Nel capitolo ottavo si presentano le considerazioni relative a tutta la nostra analisi ponendo l’attenzione sull’importanza di un collegamento tra qualità e assetti organizzativi. Infatti non è la qualità in sé che genera dei miglioramenti, ma è la combinazione dinamica qualità/assetto organizzativo che stimola il processo di arricchimento delle risorse dell’impresa.

Vengono poi presentati in appendice i lavori svolti durante il periodo di stage.

Un ringraziamento particolare va alla Professoressa Cristiana Compagno per la collaborazione e l’aiuto prestato nella realizzazione di questo lavoro.

Ringrazio il Responsabile Assicurazione Qualità dello Stabilimento di Martignacco, Cristian Cavallo, il Responsabile Assicurazione Qualità di Prodotto, Ermanno Bonamini e lo staff Assicurazione Qualità, Katia Vuerich e Romina Calligaro, che mi hanno consentito, durante il periodo di stage, di fare un’esperienza lavorativa e di raccogliere il materiale necessario per svolgere l’analisi presentata in questo lavoro. Inoltre, sono stati disponibili, anche dopo l’implementazione del Sistema Qualità, affinché verificassi i risultati raggiunti. Inoltre ringrazio il Vice Presidente della SIPAO di Tai di Cadore, Signor Antonio Zandegiacomo C., la dottoressa Elena Zambelli della Camera di Commercio di Belluno e la signora Lucia Tonini di Certottica per la collaborazione ed il materiale fornitomi.

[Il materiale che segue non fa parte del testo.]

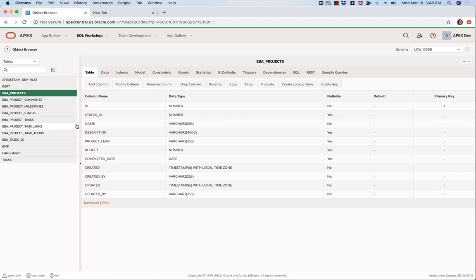Hello and welcome to this short video on REST enabled SQL in Oracle APEX. I'm inside my schema here called low underscore code and you can see I have a number of database objects.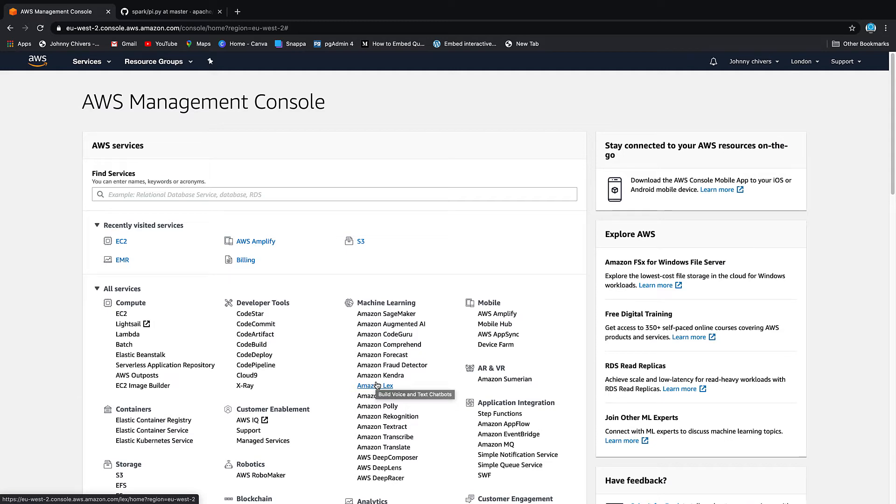Hi guys, welcome to today's lesson where we are going to look at Amazon EMR and in particular run through our first Spark job. So let's just get started.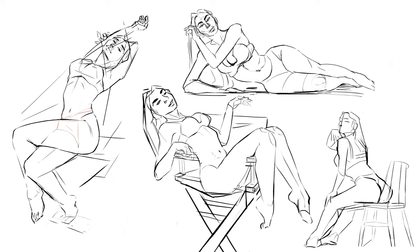So at this stage maybe you're thinking for a video supposedly about figure drawing you sure have drawn exclusively women you creep and that's a fair criticism. Well it doesn't get much more manly than this next drawing.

Dalla Qualità mercantile alla Qualità fordista

Nel primo secolo dopo la rivoluzione industriale la divisione del lavoro cognitivo è realizzata attraverso un processo di specializzazione che separa la produzione di beni strumentali (macchine, materiali, componenti) dalla loro utilizzazione per produrre i prodotti finiti. Gli specialisti che producono beni strumentali riforniscono di macchine, di materiali, gli specialisti che producono beni di consumo.

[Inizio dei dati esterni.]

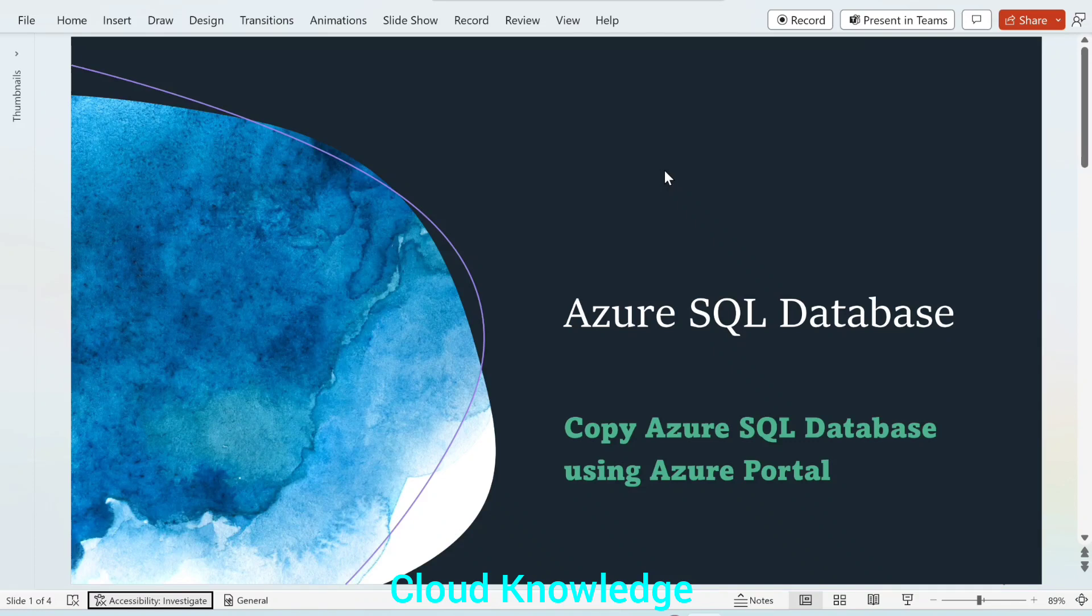Hello to all, welcome to the channel Cloud Knowledge. Today in this video, we'll study about copying Azure SQL database using Azure portal.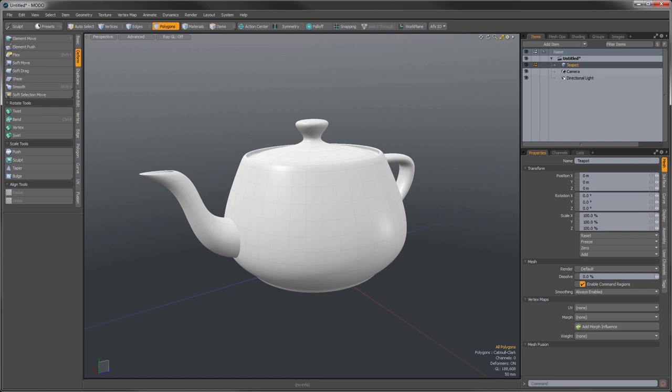Hey there, this is James Darknell from The Foundry, and in this episode of Modo In-Depth, I'm going to be going over the texture locator. All textures — procedural, bitmap, or otherwise — all have an associated texture locator, because the texture locator defines how a 2D or flat image maps onto a 3D surface. All of the settings of the texture locator control the look of your texture map over the surface.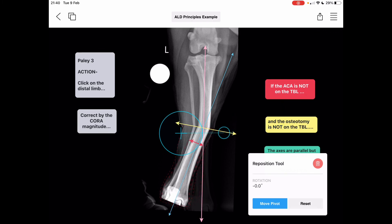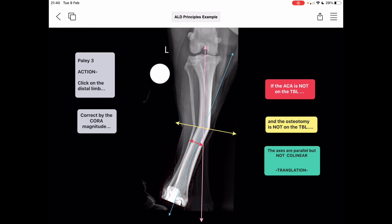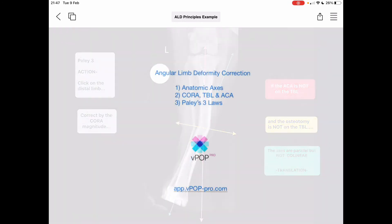That's Paley's third law of osteotomies demonstrated in VPOP Pro. To complete this video: we have illustrated and defined anatomic axes, defined a CORA — the centre of rotation of the angulation — shown how to delineate and explained the significance of the transverse bisecting line, a line that joins any two CORAs, illustrated the angulation correction axis and the significance of where it can be sited, and finally illustrated Paley's three osteotomy laws using all of the above terms, all in VPOP Pro.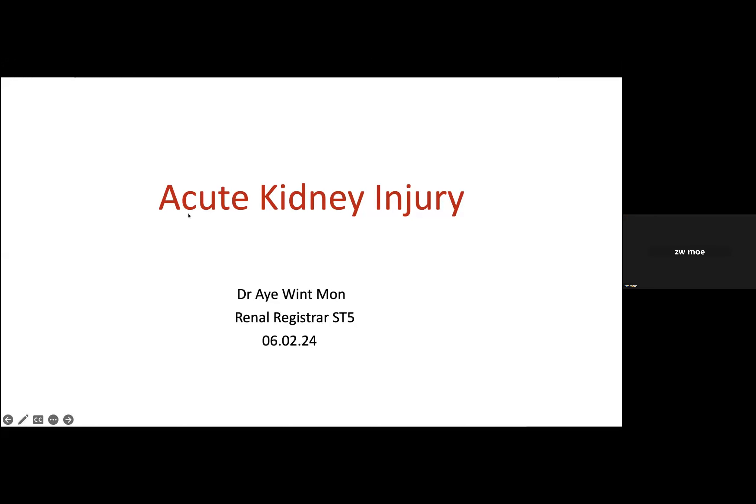Today, I'm planning to present acute kidney injury with all of you. I chose this topic because it is really important in our daily clinical practice, as well as for the mortality and morbidity of the patient.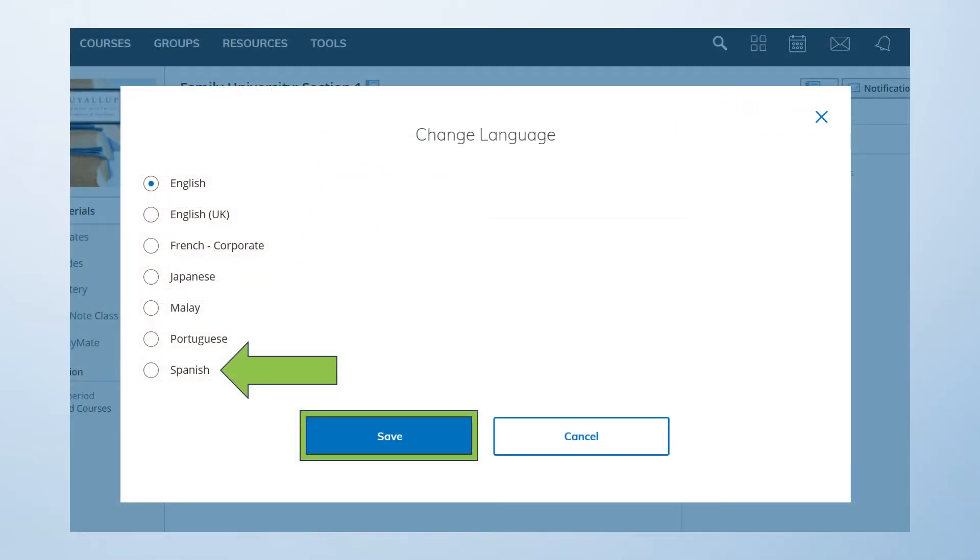Schoology offers a number of additional languages. For this example, let's select Spanish. Click on Spanish and then select Save.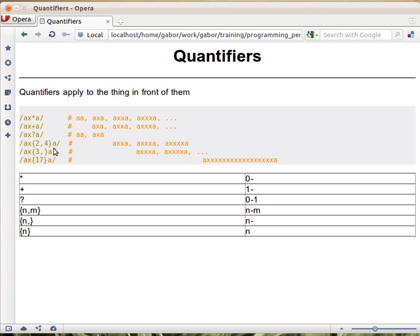And then there are the curly braces. That is a more generalized way of setting the quantifiers. It's much less used, because most things can be well expressed with these three. But nevertheless, sometimes you do need them.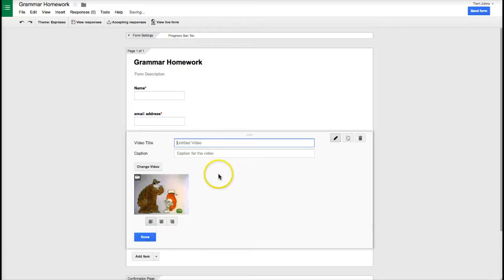I have to go ahead and title my video. Title is going to be unpack your adjectives.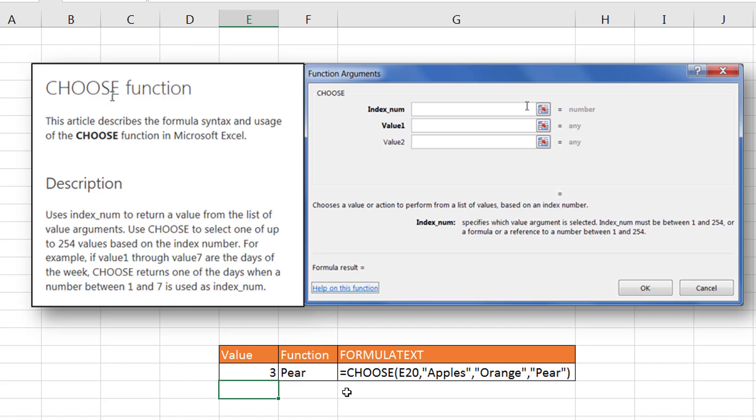If the value here is one, choose apples. The value here is two, choose orange. If the value here is three, choose pear. So the CHOOSE function, in a way, is a more quicker way to do an IF statement.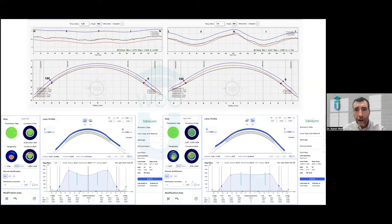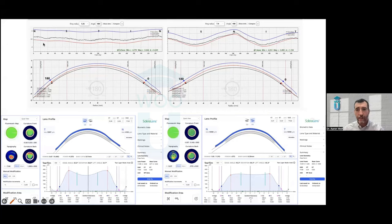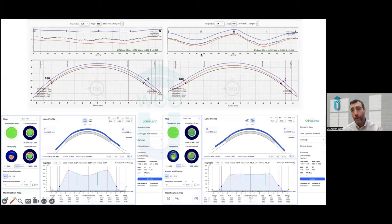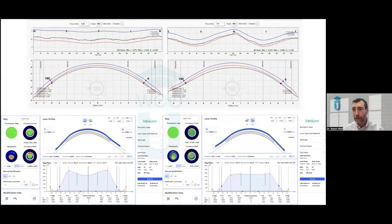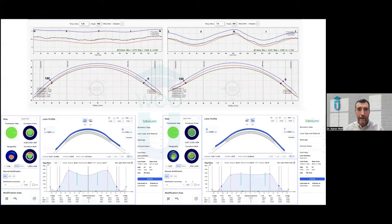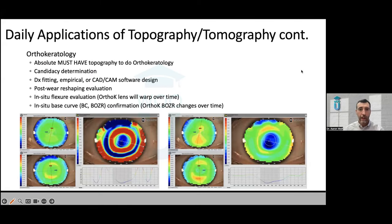The external software also allows you to tackle cases that would largely otherwise be impossible. For instance, one particular patient had about 1,000 microns of elevation change at the edge of a 16-millimeter lens — it would have been impossible to fit without this software. You can literally design the lenses, visualize them, and change them to your own personal preferences. As you get deeper into contact lens fitting, you develop your own philosophies on contact lens design.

L'interdipendenza che nasce da questo modo di organizzare la divisione del lavoro è affidata allo scambio di prodotti sul mercato (tra imprese indipendenti): è questo ciò che A. Smith descrive agli albori della scienza economica. Per governare efficacemente quest'interdipendenza ciò che occorre è una garanzia della qualità dei mercati, che riguarda:

  • la qualità dei beni scambiati, dal punto di vista degli standard merceologici;
  • la qualità delle transazioni, dal punto di vista concorrenziale

La definizione di qualità mercantile è un problema fondamentale nel capitalismo industriale dell'Ottocento, infatti, garantire efficienza al meccanismo degli scambi significa ampliare la divisione del lavoro e realizzare economie di replicazione. In particolare l'economia politica, con la centralità data al mercato e al concetto di "concorrenza perfetta" assume la qualità mercantile come oggetto primario delle sue riflessioni. Inoltre si sviluppa, in parallelo, il libero scambio a livello politico (unificazione degli Stati nazionali e conseguente riduzione dei dazi nel commercio internazionale); si organizza la logistica dei trasporti, del commercio e delle comunicazioni; si forma una cultura mercantile, necessaria per rendere "trasparenti" i mercati.

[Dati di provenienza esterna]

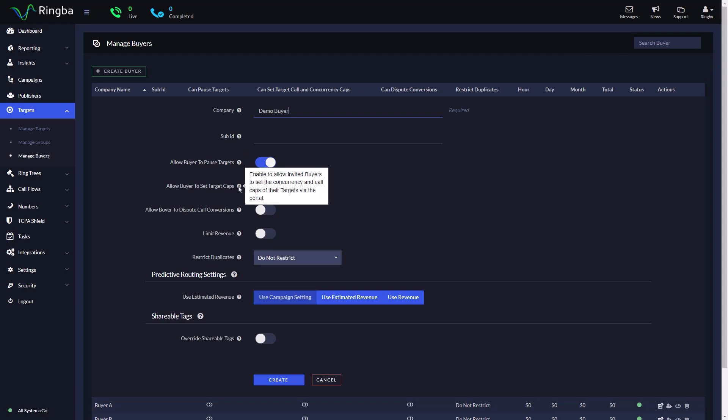With Allow Buyer to Set Target Caps, you can give your buyer the ability to set the concurrency and call caps for targets through the Ringba portal.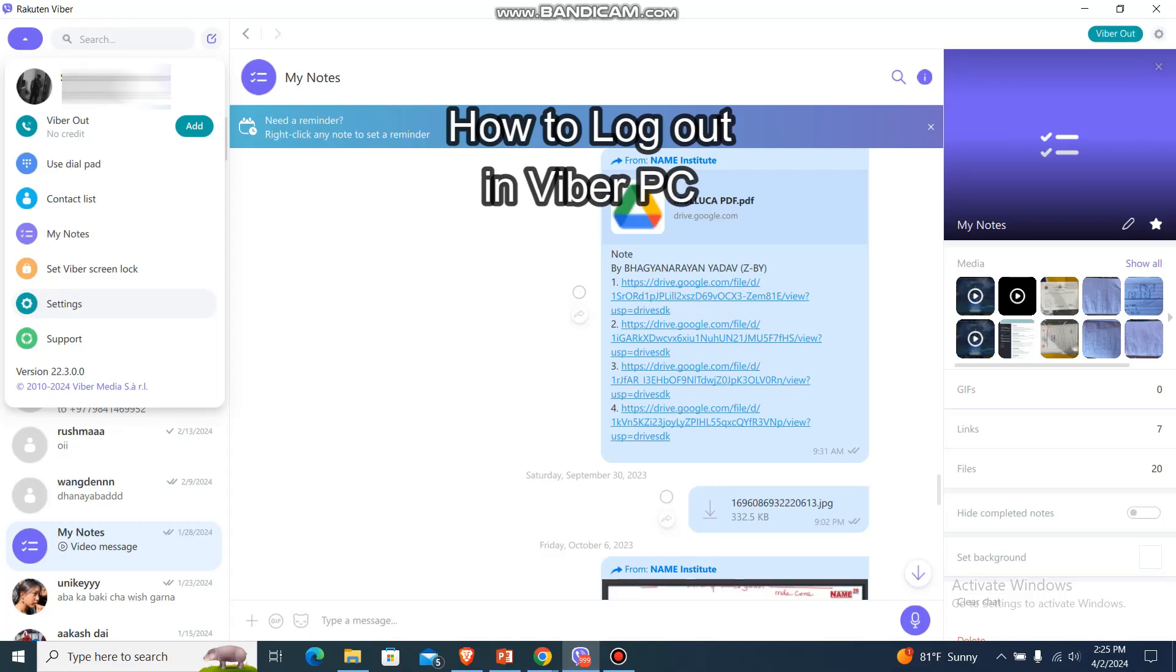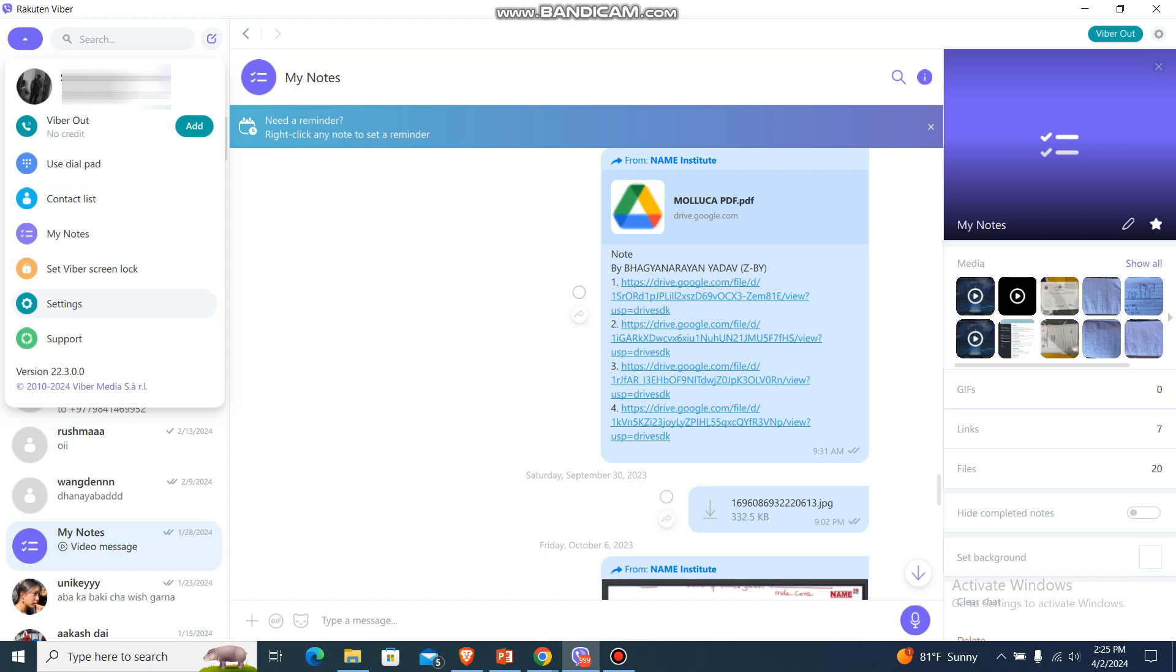Hey guys, back to our channel TechTube. Today in this video I'm going to show you guys how you can log out of Viber on PC. I'll be teaching you a very easy step, so just follow me.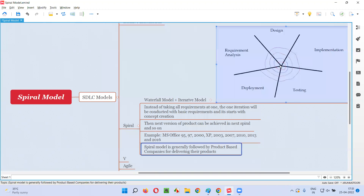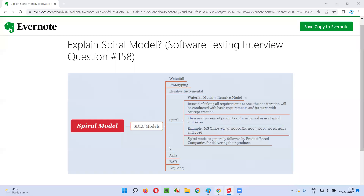It's generally used by product-based companies for releasing their products into the market. So I hope you understood what exactly the spiral model is. That's all for this session. In the next session, I'm going to answer another software testing interview question. Till then, see you, bye bye.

Un buon livello di qualità mercantile costituisce la condizione necessaria perché un'impresa possa affidarsi al mercato per una parte consistente dei propri processi di apprendimento. La scelta tra produrre in proprio o comprare dall'esterno (make or buy) dipende, infatti, dalla qualità del mercato disponibile per le diverse merci e conoscenze. Dove l'evoluzione industriale ha messo a disposizione mercati ampi e stabili, le convenienze giocano a favore della specializzazione e dunque dell'acquisto dall'esterno; laddove i mercati sono ristretti o fluttuanti, sarà più conveniente scegliere il make.

Lo sviluppo di una migliore qualità mercantile costituisce un elemento essenziale di progresso nella produttività e nell'apprendimento. Due sono le direzioni possibili:

  • fissare e garantire certi standard merceologici, definiti a livello di settore e possibilmente validi a scala internazionale;
  • fissare e garantire certi standard competitivi, attraverso una legislazione di tutela della concorrenza e la progressiva apertura dei mercati internazionali

Una parte notevole della dottrina economica rimane legata a questo concetto mercantile di qualità e di divisione del lavoro anche dopo che, nel nostro secolo, si avviavano le metodologie della produzione di massa, che imponevano un altro tipo di qualità e di divisione del lavoro.

L'intuizione fondamentale della produzione di massa è di tipo scompositivo: la complessità di un prodotto può essere affrontata industrialmente se viene scomposta in elementi semplici.

L'idea dalla scomposizione del prodotto in parti semplici (parcellizzazione) permette di superare questa barriera tra i prodotti di consumo e il modo industriale di produzione.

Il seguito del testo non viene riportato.